Everything You Need to Know About National Pension Scheme
Deepshikha | Feb 26, 2022 |
Everything You Need to Know About National Pension Scheme
The NPS (National Pension Scheme) is a government initiative offered to employees in the public, private, and unorganized sectors. Previously, only government personnel were eligible for this program. It now allows all Indian nationals to participate in a voluntary program.
An investor can invest at regular intervals during his or her employment. In addition, it allows an investor to withdraw a portion of the collected funds after retirement while the remainder is invested in an annuity. Following retirement, the investor receives the leftover money as a monthly pension. Furthermore, tax benefits of up to Rs 1.5 lakh under section 80C and up to Rs 50,000 under section 80CCD are available to investors who invest in NPS.
NPS is a retirement investment option that allows Indian citizens (both residents and non-residents) to invest a set amount of money in their retirement account regularly. It is also a secure and long-term investment choice that allows investors to profit from market returns.
When an investor chooses to invest in the NPS, they are assigned a Permanent Retirement Account Number (PRAN).
The NPS subscriber can now donate to the NPS scheme regularly until they reach retirement age. When the investor retires, he or she can take a lump-sum withdrawal of a portion of the funds. The remaining funds will be used to purchase an annuity plan.

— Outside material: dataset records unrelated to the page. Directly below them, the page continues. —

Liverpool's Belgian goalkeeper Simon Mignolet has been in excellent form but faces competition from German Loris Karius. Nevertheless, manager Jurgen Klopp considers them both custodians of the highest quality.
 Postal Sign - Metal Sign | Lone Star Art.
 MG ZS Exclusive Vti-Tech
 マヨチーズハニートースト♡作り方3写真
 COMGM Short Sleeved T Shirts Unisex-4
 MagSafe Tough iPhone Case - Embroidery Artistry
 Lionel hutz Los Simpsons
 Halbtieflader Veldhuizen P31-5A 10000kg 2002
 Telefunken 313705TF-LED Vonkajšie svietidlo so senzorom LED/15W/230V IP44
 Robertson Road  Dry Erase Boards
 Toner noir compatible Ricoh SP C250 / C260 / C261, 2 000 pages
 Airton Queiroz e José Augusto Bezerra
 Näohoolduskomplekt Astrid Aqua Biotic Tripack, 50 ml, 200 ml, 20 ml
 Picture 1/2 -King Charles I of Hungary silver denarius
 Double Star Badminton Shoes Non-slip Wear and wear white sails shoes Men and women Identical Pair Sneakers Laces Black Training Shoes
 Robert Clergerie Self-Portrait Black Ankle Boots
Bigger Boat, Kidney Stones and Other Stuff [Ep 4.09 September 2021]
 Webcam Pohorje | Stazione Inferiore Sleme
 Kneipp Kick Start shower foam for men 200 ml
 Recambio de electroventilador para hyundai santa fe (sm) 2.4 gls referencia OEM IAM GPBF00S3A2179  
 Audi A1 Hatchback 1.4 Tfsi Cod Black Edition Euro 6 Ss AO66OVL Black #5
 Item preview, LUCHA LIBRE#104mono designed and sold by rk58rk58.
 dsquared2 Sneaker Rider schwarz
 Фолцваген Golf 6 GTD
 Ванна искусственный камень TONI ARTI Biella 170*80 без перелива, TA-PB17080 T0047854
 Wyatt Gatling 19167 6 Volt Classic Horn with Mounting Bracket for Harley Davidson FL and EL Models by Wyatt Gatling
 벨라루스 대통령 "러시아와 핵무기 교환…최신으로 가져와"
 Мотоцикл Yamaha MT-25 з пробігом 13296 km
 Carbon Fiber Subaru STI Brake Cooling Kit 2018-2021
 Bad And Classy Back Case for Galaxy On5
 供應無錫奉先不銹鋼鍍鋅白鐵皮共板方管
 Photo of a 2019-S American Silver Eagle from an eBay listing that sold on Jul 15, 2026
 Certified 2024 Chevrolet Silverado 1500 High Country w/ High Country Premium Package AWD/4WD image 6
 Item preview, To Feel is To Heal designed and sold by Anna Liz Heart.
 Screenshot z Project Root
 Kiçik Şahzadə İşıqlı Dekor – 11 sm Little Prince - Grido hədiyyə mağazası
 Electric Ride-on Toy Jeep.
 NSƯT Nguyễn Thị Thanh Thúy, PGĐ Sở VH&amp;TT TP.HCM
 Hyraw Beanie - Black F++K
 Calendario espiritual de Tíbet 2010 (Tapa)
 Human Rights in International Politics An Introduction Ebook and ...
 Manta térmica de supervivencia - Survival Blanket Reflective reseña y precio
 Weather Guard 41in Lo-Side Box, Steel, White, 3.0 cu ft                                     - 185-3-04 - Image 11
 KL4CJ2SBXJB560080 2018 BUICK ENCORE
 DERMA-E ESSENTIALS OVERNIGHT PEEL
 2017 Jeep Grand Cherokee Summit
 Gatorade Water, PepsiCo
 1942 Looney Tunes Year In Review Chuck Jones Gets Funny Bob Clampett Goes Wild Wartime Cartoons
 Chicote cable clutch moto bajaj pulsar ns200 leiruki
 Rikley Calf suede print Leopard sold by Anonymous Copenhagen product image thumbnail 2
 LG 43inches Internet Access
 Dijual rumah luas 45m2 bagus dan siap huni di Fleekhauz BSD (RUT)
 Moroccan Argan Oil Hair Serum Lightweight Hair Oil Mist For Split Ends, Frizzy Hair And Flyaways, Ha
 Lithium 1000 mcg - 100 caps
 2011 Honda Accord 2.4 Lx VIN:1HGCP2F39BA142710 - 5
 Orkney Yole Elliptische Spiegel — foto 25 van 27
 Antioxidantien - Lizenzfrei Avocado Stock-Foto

The monthly payout received by an NPS subscriber from an Annuity Service Provider is known as an annuity (ASP). A licensed insurance provider is an annuity service provider.
Furthermore, to provide Annuity services to NPS Subscribers, the annuity service provider must be accredited by PFRDA. In addition, investors have a variety of annuity options to choose from. For example, a life annuity and a life annuity with a refund of the purchase price on death.
Employers can donate to their employees’ NPS accounts as well. Government agencies are required to contribute to their employees’ NPS accounts. While it is voluntary in the case of corporations, it is mandatory in the case of individuals (unless specified otherwise). Section 80CCD(2) allows you to deduct an additional 10% of your basic + DA income, regardless of the amount. This is in addition to the general limit of INR 1,50,000 imposed under Section 80CCE. Simply put, you can take advantage of additional tax benefits on your employer’s co-contribution (10 per cent of your salary).
The National Pension Scheme (NPS) is a suitable retirement option for someone who seeks a steady income stream after retirement while also saving money on taxes. The danger is also reduced because the system is regulated by the central government. Risk, on the other hand, is determined by an individual’s earnings and cost of living. Furthermore, it varies depending on how much risk an investor is willing to assume in light of his or her revenues and expenses.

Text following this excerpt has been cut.